In collaboration with EZTV’s current exhibition, Hacking the Timeline v3.0: Digilantism and the LA Digital Art Movement (1985-2005), Independent scholar, Andrea Foenander, will give a talk on EZTV and the history of digital art.
Computer Art is the elephant in the ‘art history’ room. Opening conversation within proximity of contemporary artworks often necessitates tiptoeing past a material fetishism in order to gain access to a revered ‘deeper meaning’. Technology and in particular computers, are not part of the art world vocabulary despite their obvious prominence within art practices across the world. We are a tool-centric society, so why do discussions of technology remain undervalued?
Andrea Foenander is a writer and artist working in London. She holds a B.A. in Fine Art Sculpture from University of the Arts, London and a M.A. in Critical Writing in Art and Design from the Royal College of Art. Her studio practice addresses concerns towards mass media and ‘information overload’. She has written critically for exhibitions at CAMP and TAF in Athens, historically for Guest House in Kettles Yard Gallery, Cambridge and prose for “As is the Sea: An Anthology”.

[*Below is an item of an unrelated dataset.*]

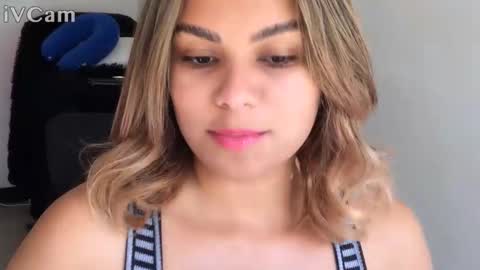 Snapshot of diosadeluniverso_ chatting on 10-17-25, 05:59 diosadeluniverso_ online show from 10-17-25, 05:59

Her writing practice is concerned with technology and visual media, currently assembling an Anthology on Computer Art History. In 2013, she conducted research to produce an extended essay on the seminal art exhibition LA Art 1990, an exhibition at EZTV. This research was based initially on materials housed at the Patric Prince Computer Art Archive at the Victoria & Albert Museum, London. Patric Prince curated the EZTV’s LA Art 1990 exhibition and along with Michael J. Masucci, co-founded EZTV’s CyberSpace Gallery, one of the world’s first galleries with a focus on digital art.
EZTV, a pioneering video space founded in West Hollywood in 1979, has been part of the resident artist community at 18th Street Arts Center since 2002. The exhibition in the Atrium Gallery is a complement to the retrospective EZTV: Video Transfer on view at USC’s ONE Archives Gallery and Museum through June 1, 2014.